Queda la pregunta de por qué estas empresas no mostraron tanta complacencia con Trump en su primer mandato. Quizás evaluaron que era un personaje pasajero –en esta ocasión los republicanos han barrido en ambas cámaras del Congreso– o no tenían tan claras las ventajas que ahora se les presentan, o quizás vuelvan al redil cuando ganen los demócratas. Lo más desesperanzador, sin duda, sería que hayan interpretado esta victoria como un cambio social duradero y de mayor calado. ¿Está muerto el paradigma antidiscriminatorio? ¿Hay indicios de un agotamiento de esta lógica política demócrata? ¿Se está produciendo una merma en su capacidad de aglutinar coaliciones de votantes cuyos intereses se encuadraban en la defensa de este paradigma?
Las respuestas no son fáciles. Kamala Harris no ha conseguido mantener sus tradicionales apoyos dentro de la clase trabajadora económicamente deprimida y ha perdido votos en todos los segmentos –incluidos el femenino, afroamericano, latino o asiático–. Mientras Trump ha aumentado su apoyo en todos ellos. Sin embargo, la victoria no ha sido tan arrolladora: un 49.80 % votó a Trump, frente a un 48.32 de Harris –apenas 2,3 millones de votos de diferencia en un país de más de 335 millones de habitantes–. A esto se suma que, de los cincuenta estados, los republicanos solo controlan cinco más que los demócratas. Por lo tanto, el cambio de hegemonía no está tan claro.
Cuando no importan los consensos, lo que queda es gobernar apostando por la represión y el control social
Este nuevo clima derechista podría responder a una nueva forma de gobierno que esquiva no solo la posibilidad de generar consensos, sino que apuesta por romperlos para promover bases muy movilizadas y un estilo presidencial confrontativo que funciona como una apisonadora. Cuando no importan los consensos, lo que queda es gobernar apostando por la represión y el control social: una dominación sin hegemonía. Por lo tanto, parece que se impondrá un reforzamiento del autoritarismo en una democracia ya bastante deteriorada.

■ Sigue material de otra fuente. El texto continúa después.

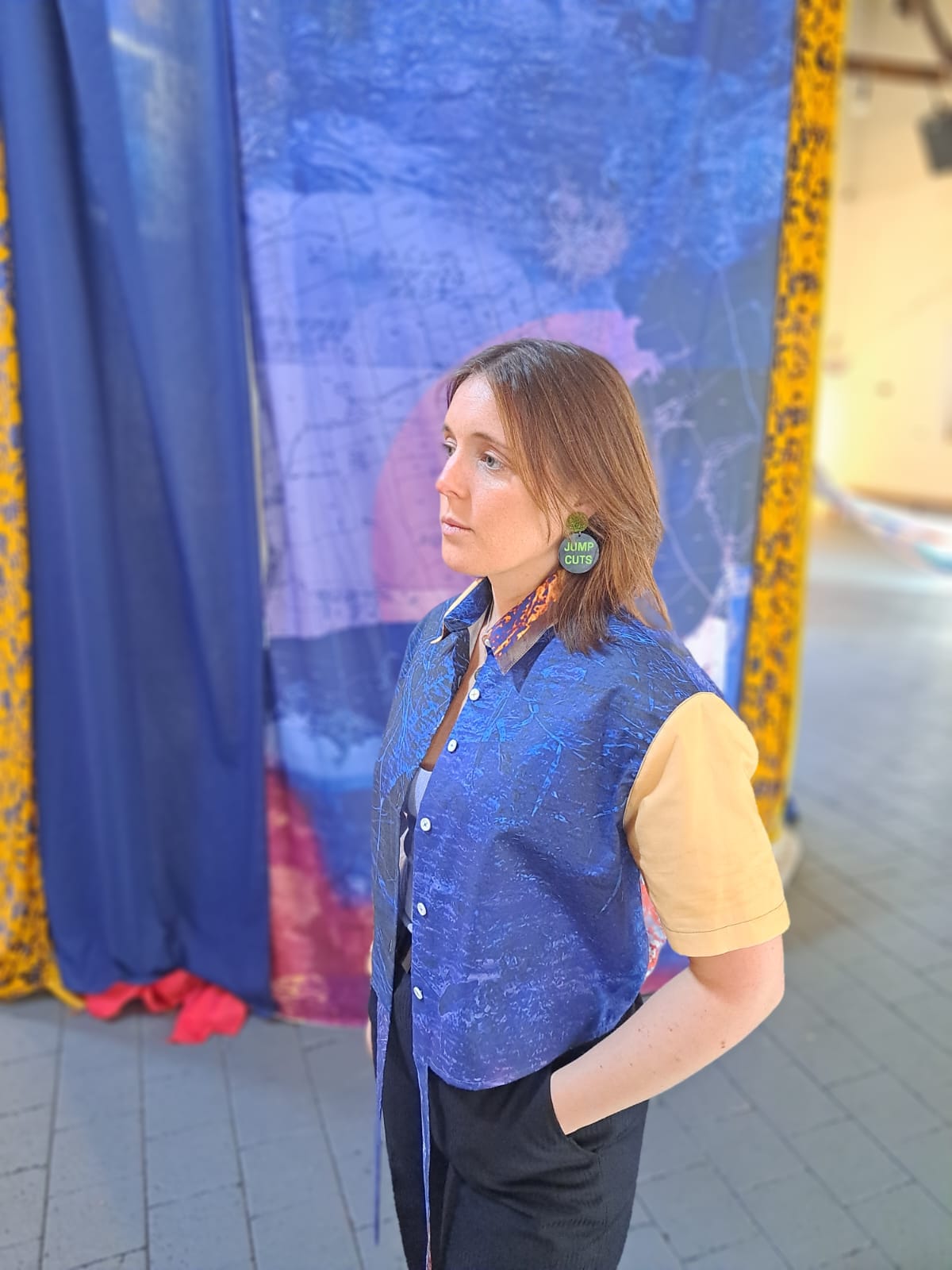Person wearing a colorful shirt with a blue and orange pattern, standing in front of a fabric print with the same pattern.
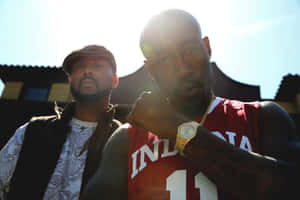 Freddie Gibbsand Friend Outdoors Wallpaper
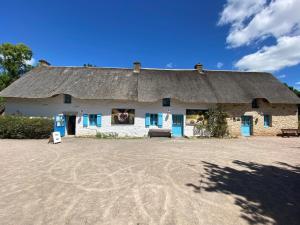una casa con il tetto di paglia su un campo sterrato di Maison avec piscine a Saint-André-des-Eaux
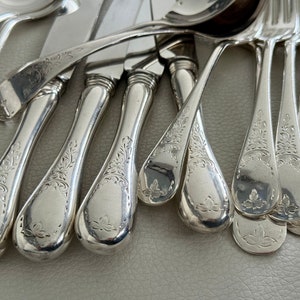 May include: Close-up of a collection of antique silverware. The set includes spoons, forks, and knives with ornate floral engravings on the handles. The silverware is made of a shiny, reflective metal, likely silver.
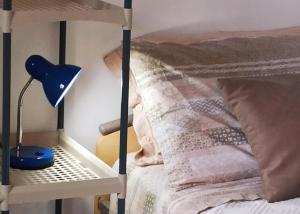 Postel nebo postele na pokoji v ubytování A casa di Donnie-Iglesias centro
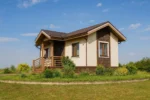 Проект дома «Н-41» из СИП-панелей, 41 м² — одноэтажный дом с бежевым фасадом, коричневой крышей и крыльцом | HotWell.KZ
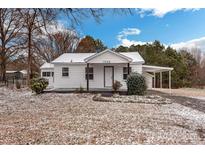 Charming white home featuring a covered carport, front porch, and landscaped yard dusted with snow at 5028 Wilgrove Mint Hill Rd, Mint Hill, NC 28227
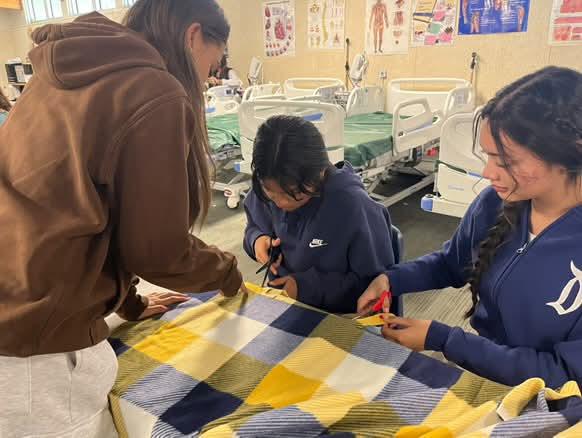 Junior Abigail Esparza, Sophomore Cynthia Bimbela, and Keyla Pimentel carefully cut strips of fleece from the edges to put together a blanket. 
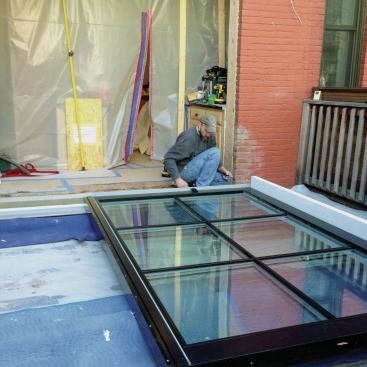 The fixed panel had been shipped with the jamb still attached, so the next step was to add the other jamb and attach the sill to the jambs through the bottom using screws provided by Zola.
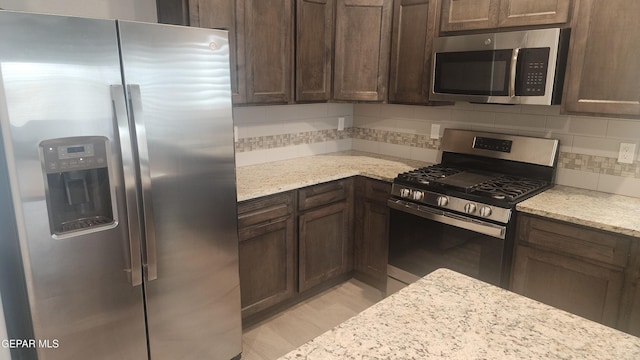 12869 Woolstone Dr, El Paso, TX 79928 - kitchen with appliances with stainless steel finishes, decorative backsplash, dark brown cabinets, and light stone countertops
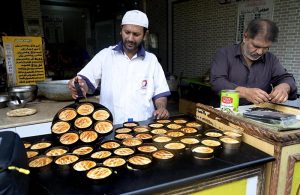 A baker prepares a freshly baked, flavourful tandoori cake at a tandoor in the Kartarpur area of the twin cities.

Neomercantilismo macho-nacional contra la diversidad
¿Qué opone Trump a este neoliberalismo progresista? Su lógica política, según Riley, es la de un “neomercantilismo macho-nacional” –que legitima un reforzamiento de las jerarquías sociales y la violencia social: el corazón de los proyectos de extrema derecha–. Esta propuesta dice apoyar el mantenimiento de los salarios mediante medidas contrarias a la migración y políticas arancelarias, mientras que el neoliberalismo multicultural promueve la equidad en la distribución de los empleos y los ingresos. (Aunque esto no deja de ser algo esquemático, el mismo Riley matiza que sería un error adscribir estas lógicas de forma exacta a cada uno de los dos partidos).

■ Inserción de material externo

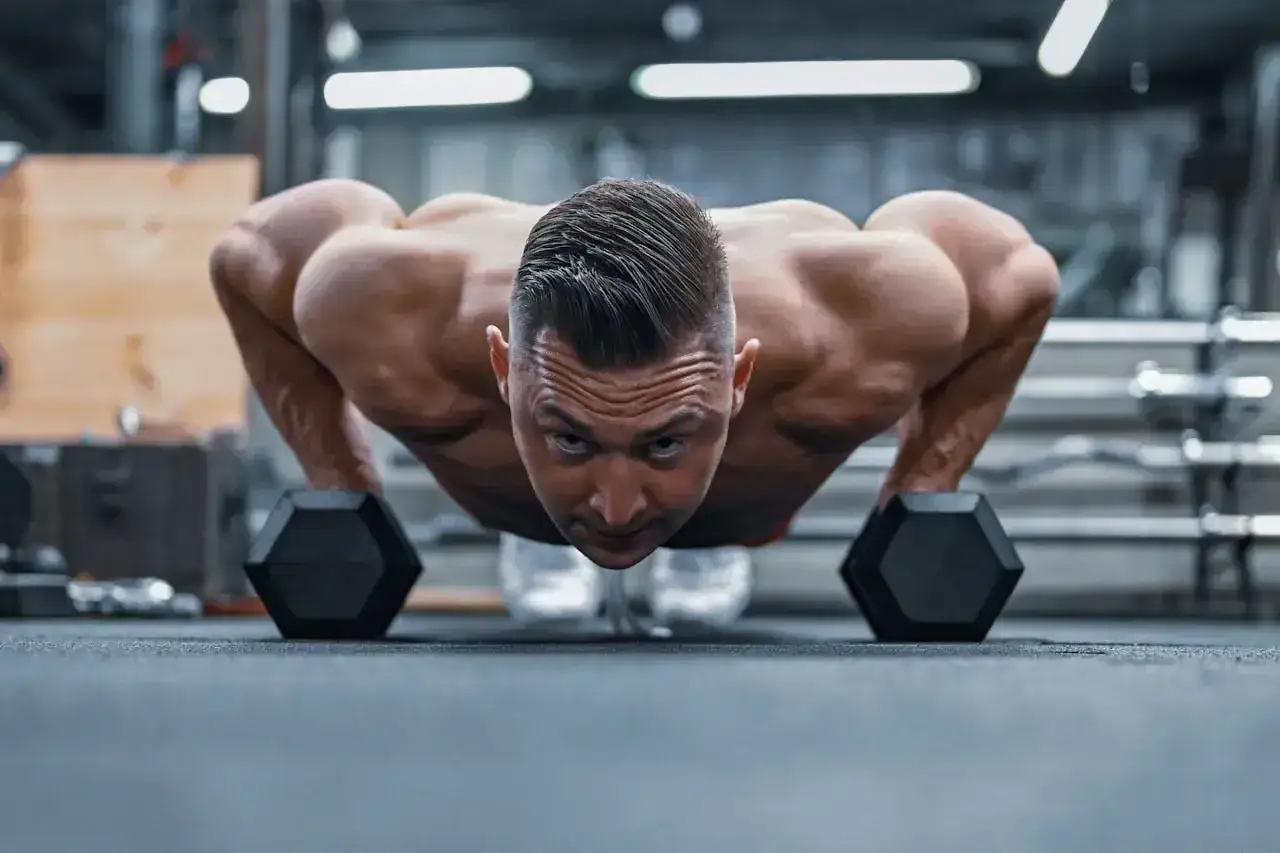 Mężczyzna wykonuje pompki na biceps z hantlami. Intensywny trening mięśni ramion.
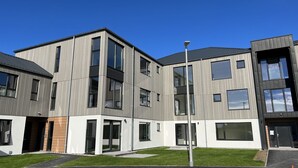 A modern multi-story residential building with a flat roof, large windows, and a well-maintained lawn. - Caledonia Place - Retreat Group (Aviemore)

Detrás de estas lógicas políticas, además, no solo hay concepciones sociales diferentes, sino que representan distintos proyectos de redistribución para diferentes sectores sociales. “En los niveles de más poder, ambos partidos están comprometidos con el sector de las finanzas, los seguros y el capital inmobiliario. Por debajo de este estrato, las dos coaliciones son diferentes”, dice Riley. Por un lado, encontramos a distintos sectores empresariales que se inclinan hacia uno o otro partido –por ejemplo, es conocido el apoyo de las petroleras a los republicanos–, aunque estos apoyos pueden moverse, como indica el giro de Silicon Valley.

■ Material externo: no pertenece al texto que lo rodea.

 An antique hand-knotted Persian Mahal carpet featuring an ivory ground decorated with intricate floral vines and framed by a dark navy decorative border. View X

Respecto de las masas, hay que atender a la estructura ocupacional: un 40% de la población entra en la categoría de profesionales o realiza algún tipo de trabajo de gestión –los más propensos a apoyar políticas de diversidad–, mientras que menos de la cuarta parte del total trabaja en actividades manuales –los más “antiwoke”. Esta delineación demarca distintos intereses y establece una cierta competencia entre estos segmentos por los recursos del Estado –requieren de políticas públicas diferentes–, mientras que se corresponde –aunque no sea de forma absoluta– con el mapa de los apoyos a Trump. Esto se percibe claramente si atendemos a la educación, dice Riley. El Partido Republicano tiene el apoyo de aquellos que carecen de estudios superiores –grosso modo–, mientras que los demócratas muestran enorme ventaja entre los que cuentan con títulos universitarios. De manera que, mientras los sectores educados están más preocupados por la devaluación de sus títulos o de sus posiciones asociadas –y compiten menos con la inmigración por el empleo–, las bases republicanas responden mejor a propuestas que limiten la redistribución únicamente a la población nativa y restrinjan el estatuto de ciudadanía. Un eje de campaña que ha sido fundamental. (Hay que recordar también que Biden conservó muchas de las políticas antiinmigración de Trump y que por ahora Obama es el que más migrantes ha deportado.)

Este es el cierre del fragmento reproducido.